MATERIAL SUPPLIED —
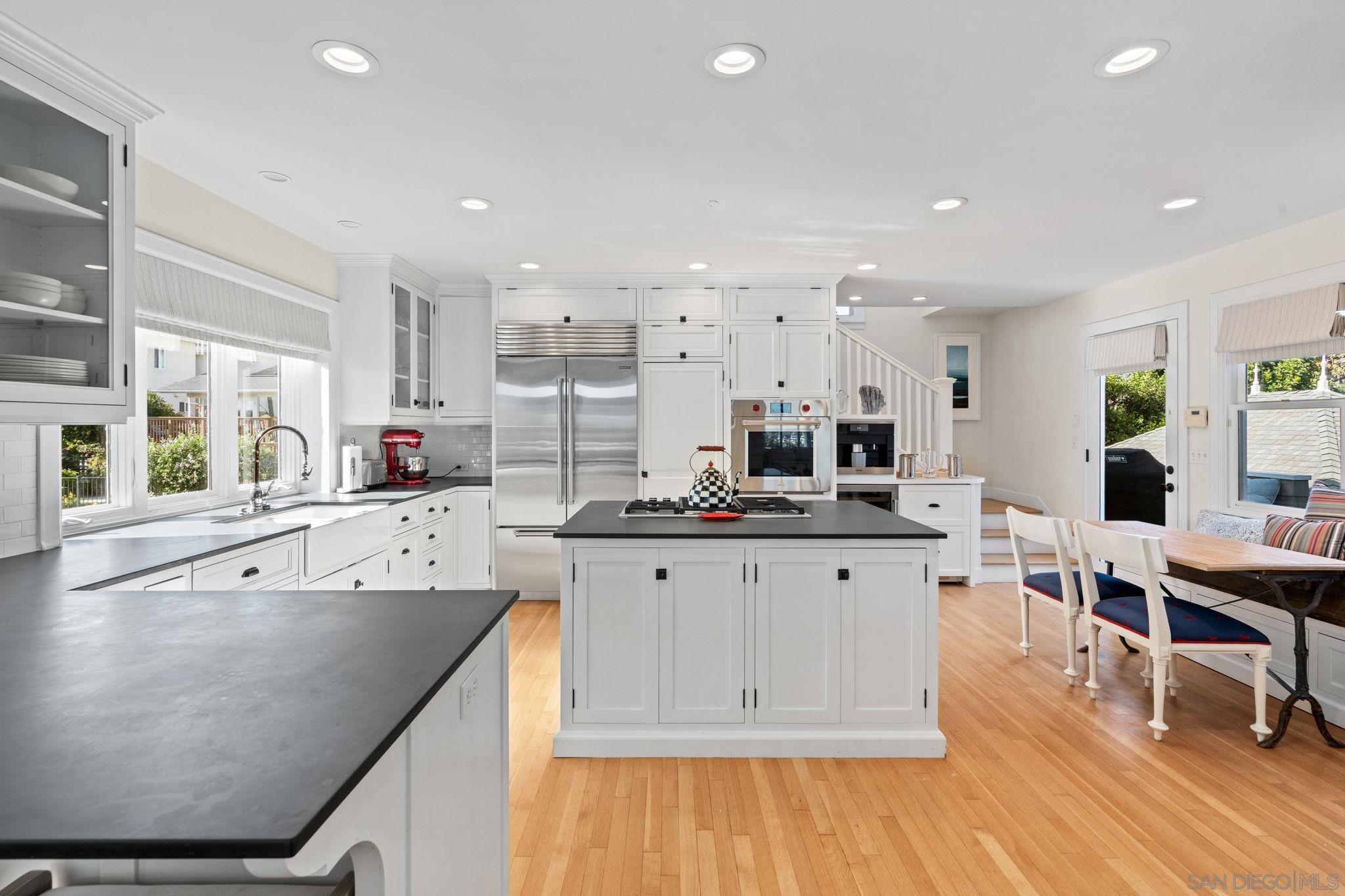 Detail Gallery Image 15 of 46 For 924  Scott St, San Diego,  CA 92106 - 4 Beds | 3/1 Baths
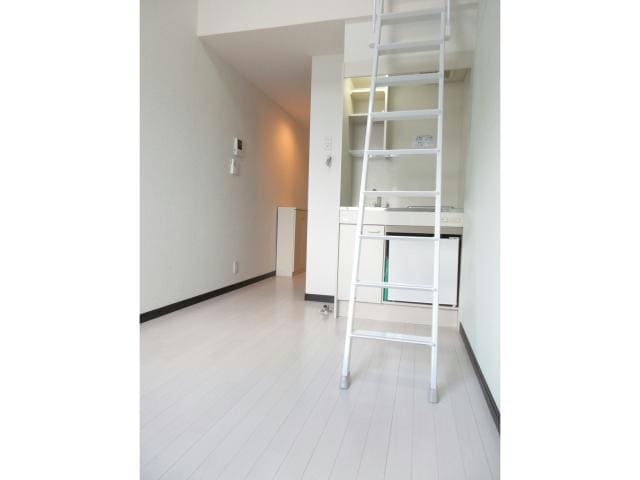  横須賀線/保土ケ谷駅 徒歩10分 2階 築8年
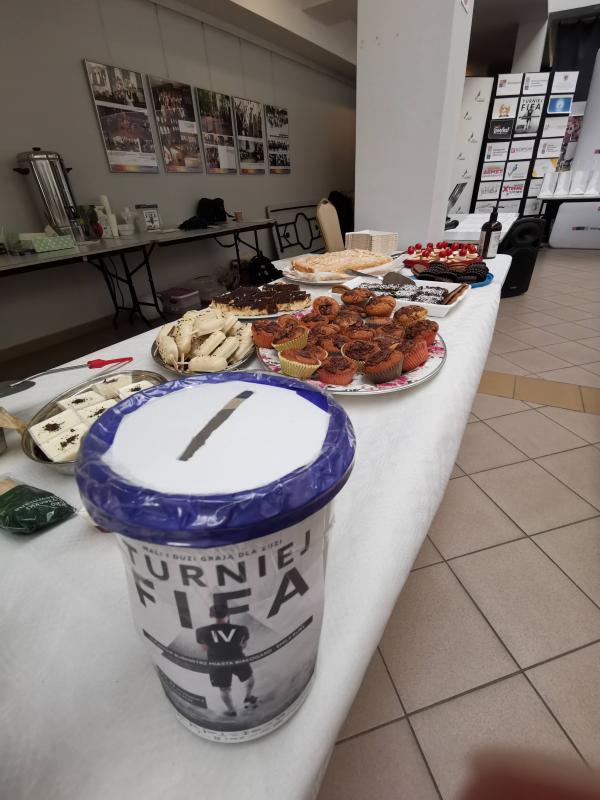 IV Białogardzki Turniej FIFA - Mali i Duzi grają dla Zuzi. 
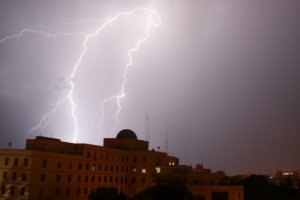 Imagen de archivo de una tormenta en la capital.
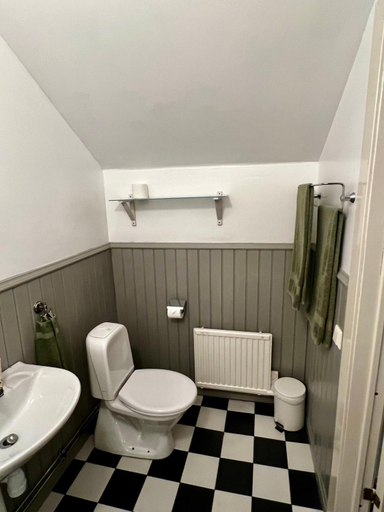 Bathroom 1, Borregarden Bed & Breakfast, Simrishamn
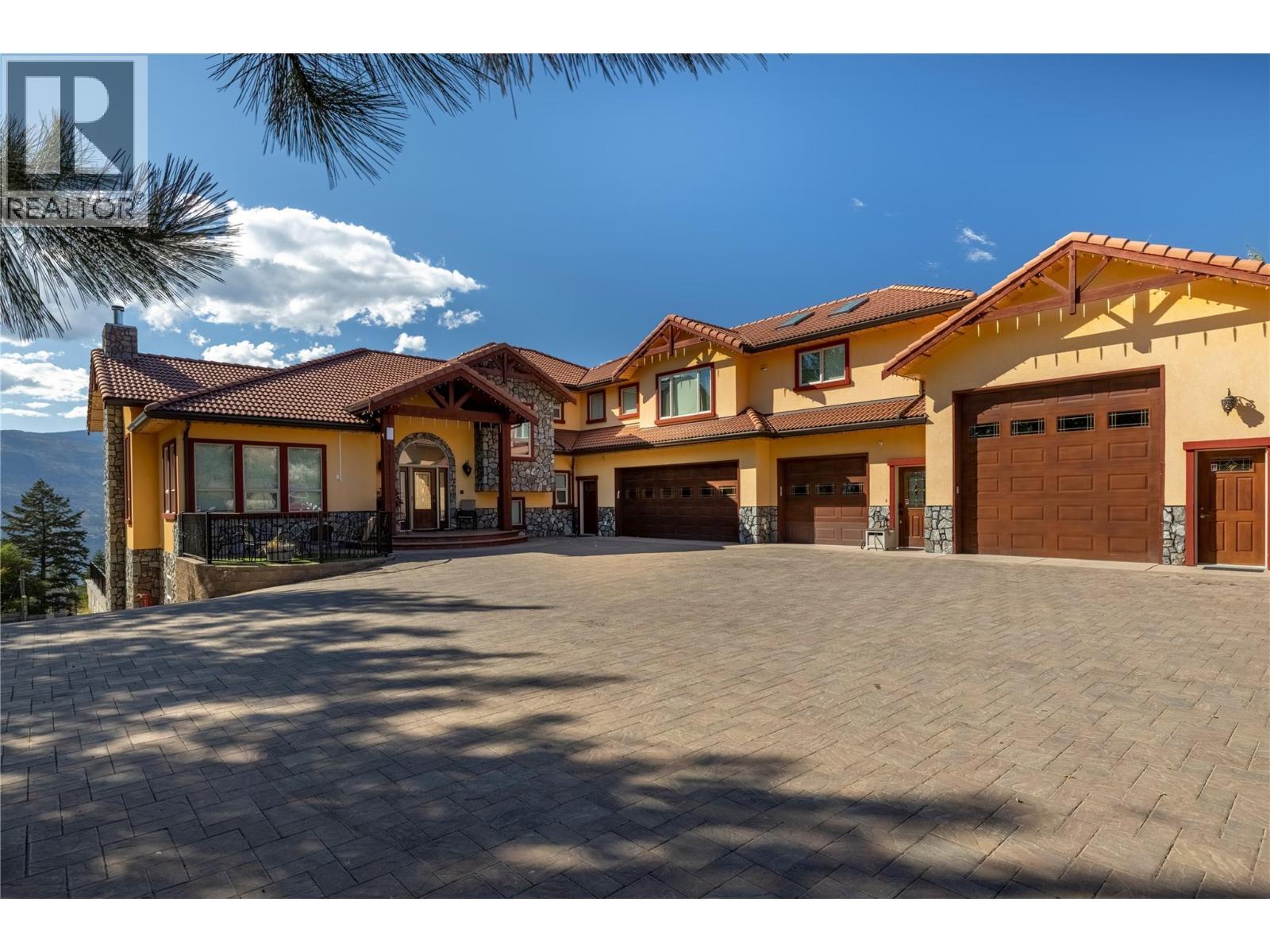 1727 Davidson Road. Lake Country, British Columbia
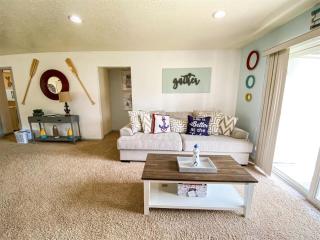 Beautiful Updated 2 Bedroom Condo T106 - Garden City - 0
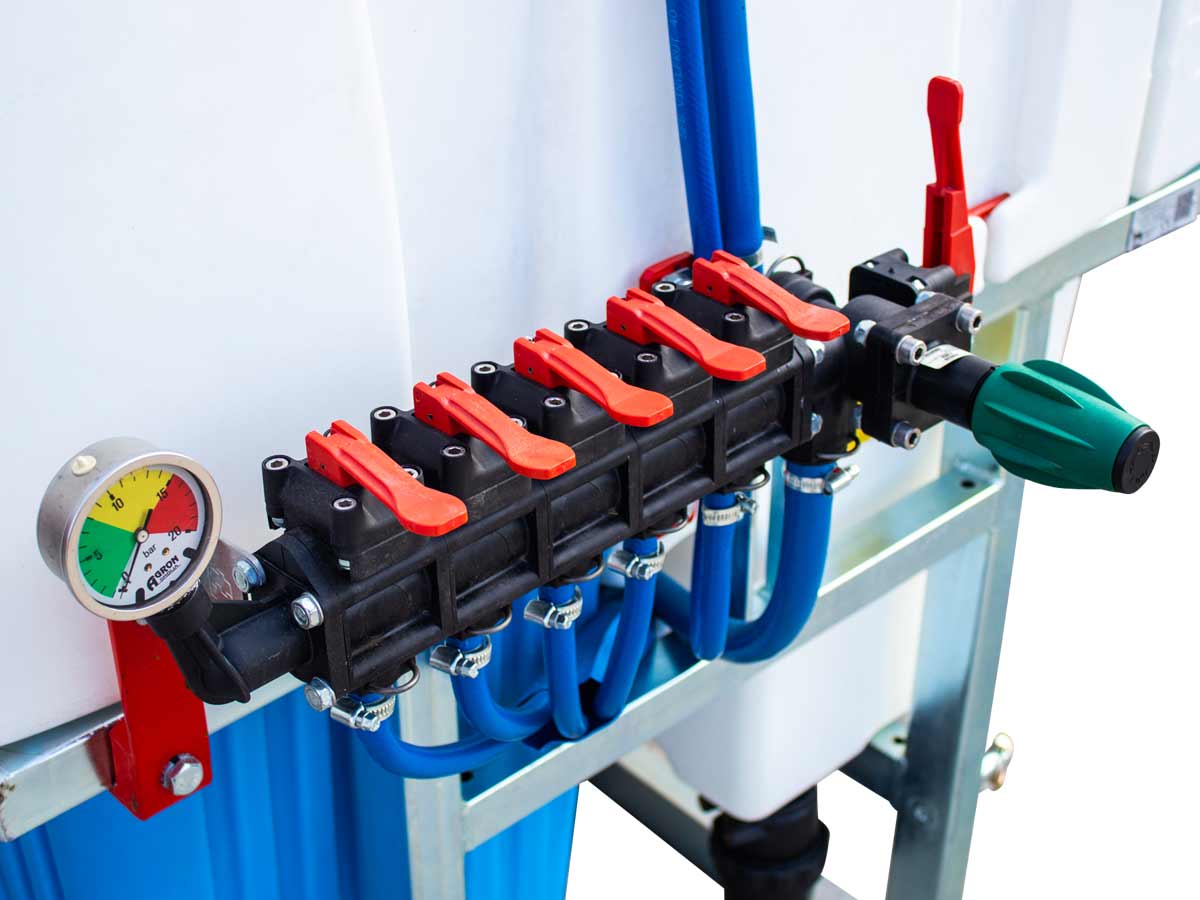 PA700+AD10 | Agron Mag | 700L/10m Ραντιστικο-Ψεκαστικο 3 καζάνια αναρτώμενο με 10 μέτρα μπάρα 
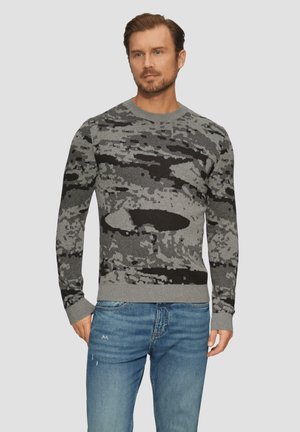 Pull en camouflage gris avec un col rond, des poignets et un ourlet côtelés. Fabriqué en tissu tricoté doux ; présente des motifs noirs et gris foncé.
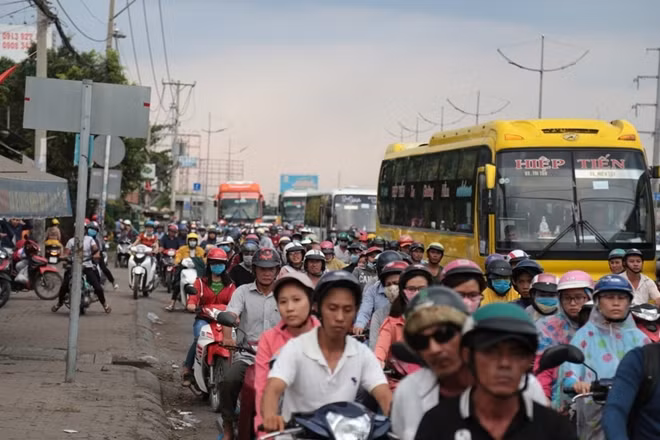 Sau kỳ nghỉ kéo dài hàng chục ngàn người dân đã trở lại TP làm việc.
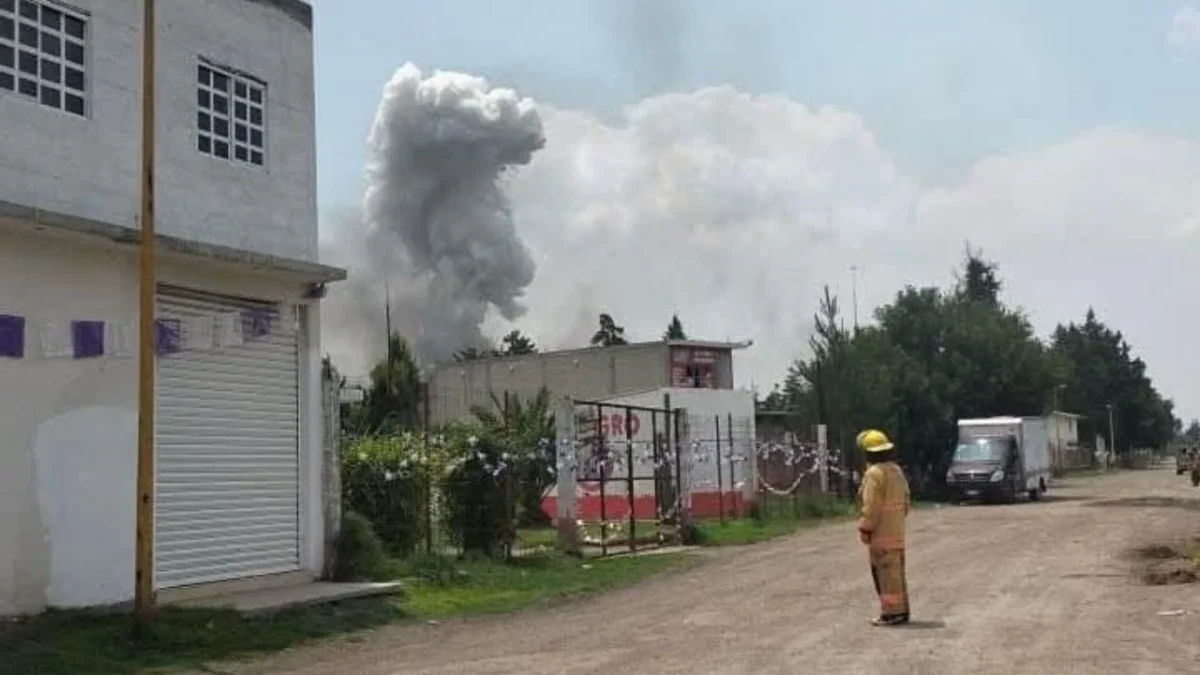 Reportan una segunda víctima mortal de la explosión en Tultepec.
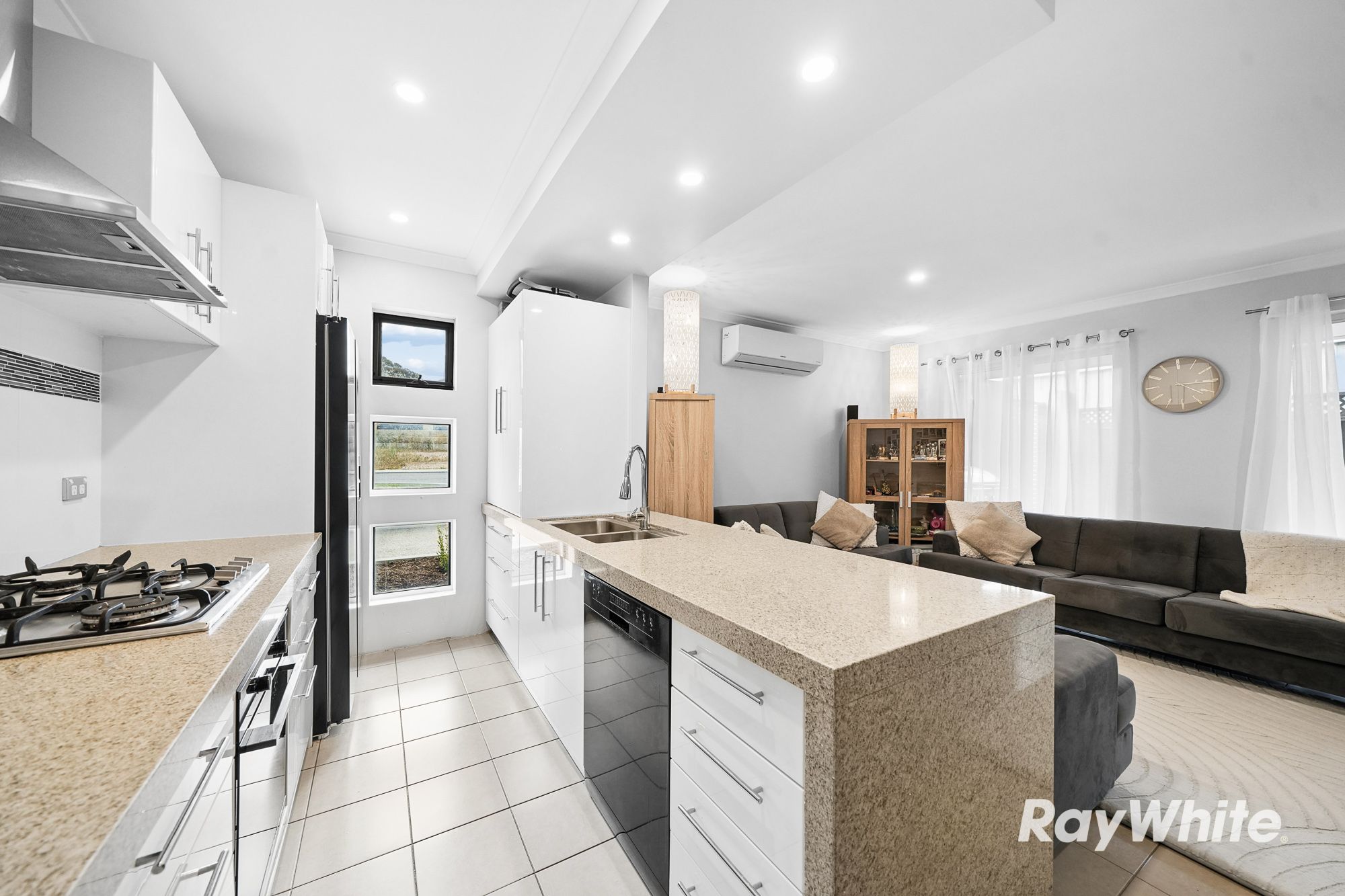 4 Cordova Court — photo 10 of 26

TASK TO COMPLETE —
Pictures aside, reproduce all of the data exactly.

PROBLEM SOLUTION —
 Detail Gallery Image 15 of 46 For 924  Scott St, San Diego,  CA 92106 - 4 Beds | 3/1 Baths
  横須賀線/保土ケ谷駅 徒歩10分 2階 築8年
 IV Białogardzki Turniej FIFA - Mali i Duzi grają dla Zuzi. 
 Imagen de archivo de una tormenta en la capital.
 Bathroom 1, Borregarden Bed & Breakfast, Simrishamn
 1727 Davidson Road. Lake Country, British Columbia
 Beautiful Updated 2 Bedroom Condo T106 - Garden City - 0
 PA700+AD10 | Agron Mag | 700L/10m Ραντιστικο-Ψεκαστικο 3 καζάνια αναρτώμενο με 10 μέτρα μπάρα 
 Pull en camouflage gris avec un col rond, des poignets et un ourlet côtelés. Fabriqué en tissu tricoté doux ; présente des motifs noirs et gris foncé.
 Sau kỳ nghỉ kéo dài hàng chục ngàn người dân đã trở lại TP làm việc.
 Reportan una segunda víctima mortal de la explosión en Tultepec.
 4 Cordova Court — photo 10 of 26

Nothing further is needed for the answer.